One unique method for inducing droplet splitting involves the use of a laser. To use this technique, a microfluidic channel containing a post near the middle of the channel is used. In the absence of the laser, droplets split evenly around the post and form two daughter droplets of equal volume. However, when the laser is applied to one side of the post, the droplet is induced to split asymmetrically. Heat from the laser causes a local increase in the surface tension on the droplet, which prevents forward movement of the droplet past the laser [40]. The laser acts to block the droplet, and can affect the volume of the daughter droplets produced based on the length of time that the laser is applied in this position. As with the electrical fields, a droplet can be “switched” into a single channel instead of divided, by increasing the laser power used [16]. Although novel, this technique may not deliver as high a throughput as the technique in which electrical fields were used to split droplets, and may suffer from the same biocompatibility issue as well. However, the use of a laser provides even greater control over the volume of daughter droplets produced and may prove useful in devices where very precise manipulation of droplets is required.

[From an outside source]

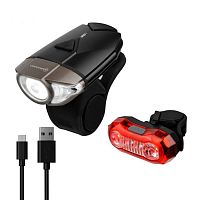 Фара и Мигалка Briviga Briviga USB bike light set EBL-039+EBL-2265A, перед 380 лм + задний 40 лм.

Finally, microheaters integrated into microfluidic chips have been used to control droplet splitting and “switch” droplets to one of multiple downstream channels. In a technique similar to EWOD, Darhuber et al. used a technique called thermocapillary actuation, combined with chemical patterning of the surface of the device, to induce droplet splitting (Fig. 2.7d-g). The technique consists of stretching a fluid over a set of microheaters, activating the heaters sequentially to draw the fluid out, and then selectively turning off microheaters to induce splitting of the fluid [41]. Another group used an integrated microheater, positioned beneath one of the daughter channels (downstream of a bifurcation junction) to provide control over the volume of daughter droplets produced, as well as to allow switching of the droplet from one daughter channel to another. When the heater is turned on, a viscosity gradient is created and the viscosity of continuous phase in the heated daughter channel decreases. The fluidic resistance in the heated daughter channel is decreased owing to this decrease in viscosity. When a droplet reaches the bifurcation junction, a larger daughter droplet is produced in the heated daughter channel due to the difference in viscosity and interfacial tension between the two branches. By adjusting the temperature of the heater, different daughter droplet volumes can be produced. In addition, the use of an integrated microheater does not preclude the use of biological materials, since the heater works sufficiently for dividing droplets at 361C. At slightly higher temperatures, the droplet does not split at the junction, but the entire droplet is carried or switched to the daughter branch containing the heater, providing a simple sorting mechanism [42].